Kejadiannya sudah hari Senin minggu lalu, saat rame-ramenya orang memenuhi Monas untuk melihat orang nomor satu RI, Jokowi memberikan sambutannya. Semua orang bebas masuk, tanpa ada penyortiran apapun. Tentu saja situasi ini mengundang banyak pihak yang mencoba mengambil peruntungan dengan cara tidak halal, alias mencopet.
Saya bahkan sempat lihat seorang remaja yang menggerayangi dan mencoba membuka tas orang di depan saya. Di depan mata, dia pun cuek saja, bahkan saat saya lihat dan tegur pun. Setelah ketahuan, dia hanya mundur, dan bahkan cuek duduk di belakang, tanpa khawatir sama sekali kalau baru saja terpergok. Mungkin yang ini memang copet amatir. Setelah lampion (yang cuma sedikit itu) diterbangkan, banyak para pengunjung yang mulai mendesak maju. Saya pun akhirnya mundur. Tak berapa lama baru tersadar kalau salah satu ponsel saya pun raib. Kok ya yang diambil yang mahal, bukan ponsel yang butut ya, padahal keduanya berada di kantung celana yang sama.

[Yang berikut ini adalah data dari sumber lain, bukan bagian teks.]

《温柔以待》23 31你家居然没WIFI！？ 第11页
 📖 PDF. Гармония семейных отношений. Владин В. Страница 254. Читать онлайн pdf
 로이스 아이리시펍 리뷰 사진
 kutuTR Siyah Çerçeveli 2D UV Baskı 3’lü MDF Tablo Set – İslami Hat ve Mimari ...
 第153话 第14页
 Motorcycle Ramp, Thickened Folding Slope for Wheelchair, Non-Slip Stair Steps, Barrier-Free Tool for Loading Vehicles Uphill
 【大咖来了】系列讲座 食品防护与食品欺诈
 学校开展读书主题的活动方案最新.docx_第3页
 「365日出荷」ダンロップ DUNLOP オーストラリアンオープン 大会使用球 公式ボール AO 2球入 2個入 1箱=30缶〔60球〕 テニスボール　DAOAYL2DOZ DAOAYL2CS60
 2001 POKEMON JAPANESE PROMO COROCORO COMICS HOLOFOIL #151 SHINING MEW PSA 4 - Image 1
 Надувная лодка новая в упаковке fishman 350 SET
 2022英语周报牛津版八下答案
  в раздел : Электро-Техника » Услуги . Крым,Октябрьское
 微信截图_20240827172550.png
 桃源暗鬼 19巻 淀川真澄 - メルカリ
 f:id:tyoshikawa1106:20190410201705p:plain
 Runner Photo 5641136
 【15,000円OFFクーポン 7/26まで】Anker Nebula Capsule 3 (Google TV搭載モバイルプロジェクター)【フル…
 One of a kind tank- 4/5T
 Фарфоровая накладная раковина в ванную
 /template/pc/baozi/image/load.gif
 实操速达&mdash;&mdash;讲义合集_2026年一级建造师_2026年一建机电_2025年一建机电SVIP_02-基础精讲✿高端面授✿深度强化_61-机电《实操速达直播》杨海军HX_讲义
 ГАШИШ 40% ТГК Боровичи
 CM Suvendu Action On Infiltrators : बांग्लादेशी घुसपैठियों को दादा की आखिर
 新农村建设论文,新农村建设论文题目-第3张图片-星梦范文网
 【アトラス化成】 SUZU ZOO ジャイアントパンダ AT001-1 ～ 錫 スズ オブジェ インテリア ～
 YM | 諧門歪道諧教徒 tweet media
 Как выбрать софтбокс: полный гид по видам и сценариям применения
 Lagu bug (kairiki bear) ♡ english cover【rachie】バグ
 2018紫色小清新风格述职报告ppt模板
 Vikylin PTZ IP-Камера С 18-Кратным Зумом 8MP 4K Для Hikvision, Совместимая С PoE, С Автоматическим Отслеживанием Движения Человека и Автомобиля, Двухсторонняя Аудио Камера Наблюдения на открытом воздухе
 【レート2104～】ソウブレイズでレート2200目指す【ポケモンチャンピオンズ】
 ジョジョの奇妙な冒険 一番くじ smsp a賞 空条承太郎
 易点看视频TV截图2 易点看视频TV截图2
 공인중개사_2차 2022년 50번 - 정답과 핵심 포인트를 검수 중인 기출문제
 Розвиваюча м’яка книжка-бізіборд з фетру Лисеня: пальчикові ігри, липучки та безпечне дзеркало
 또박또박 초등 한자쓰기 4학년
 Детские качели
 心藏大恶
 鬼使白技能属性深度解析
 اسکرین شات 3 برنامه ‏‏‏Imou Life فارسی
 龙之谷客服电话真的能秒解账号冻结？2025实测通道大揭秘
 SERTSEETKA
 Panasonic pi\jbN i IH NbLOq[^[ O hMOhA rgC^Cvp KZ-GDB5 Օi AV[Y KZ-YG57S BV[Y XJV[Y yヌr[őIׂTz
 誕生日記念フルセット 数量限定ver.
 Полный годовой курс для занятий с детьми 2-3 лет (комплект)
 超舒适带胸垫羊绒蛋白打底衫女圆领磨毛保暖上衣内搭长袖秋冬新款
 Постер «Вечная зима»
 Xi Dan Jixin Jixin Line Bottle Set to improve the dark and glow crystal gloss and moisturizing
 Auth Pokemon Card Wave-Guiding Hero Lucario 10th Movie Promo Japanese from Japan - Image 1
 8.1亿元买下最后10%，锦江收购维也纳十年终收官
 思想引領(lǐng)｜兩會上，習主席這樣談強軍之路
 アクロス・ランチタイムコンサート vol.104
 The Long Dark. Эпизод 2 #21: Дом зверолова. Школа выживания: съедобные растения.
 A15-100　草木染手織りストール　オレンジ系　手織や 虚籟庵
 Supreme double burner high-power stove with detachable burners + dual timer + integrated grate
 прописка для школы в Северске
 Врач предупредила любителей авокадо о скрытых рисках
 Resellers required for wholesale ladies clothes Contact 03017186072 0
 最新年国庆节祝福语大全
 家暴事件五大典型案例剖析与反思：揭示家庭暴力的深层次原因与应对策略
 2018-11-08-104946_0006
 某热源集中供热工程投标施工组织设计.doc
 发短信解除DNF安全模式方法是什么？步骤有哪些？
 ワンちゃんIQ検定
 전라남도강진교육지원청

Cerita postingan ini sebenarnya bukanlah tentang ponsel hilang. Sudah, saya sudah ikhlas kok. Sekarang masih menunggu gantinya. Yang saya mau ceritakan justru pengalaman selama seminggu ini tanpa smartphone. Keesokan harinya, saat saya berangkat meeting ke Sudirman, saya menggunakan taksi. Ada kebiasaan yang hilang, yang membuat saya sangat merasa kekurangan saat itu. Biasanya setiap kali saya menunggu (saat itu di dalam taksi), kedua tangan saya selalu menggenggam ponsel. Saya habiskan waktu menunggu dengan membaca apa yang terlintas di Twitter dan di Line group. Setiap kali itulah yang saya lakukan. Saya saat itu tiba-tiba merasa tidak nyaman. Saya tidak bisa melakukan kebiasaan yang sudah rutin saya lakukan. Tangan saya terasa hampa, karena tidak melakukan aktivitas apapun.
Saat itu langsung terlintas di benak saya, kalau saya memang sudah terkena “candu” ponsel. Rasanya aneh tidak bisa membaca info secara real time. Rasanya aneh kalau saya ketinggalan cerita yang muncul di social media. Rasanya aneh ketika orang lain tahu lebih dahulu info daripada saya. Apakah saya memang sudah terkena Nomophobia?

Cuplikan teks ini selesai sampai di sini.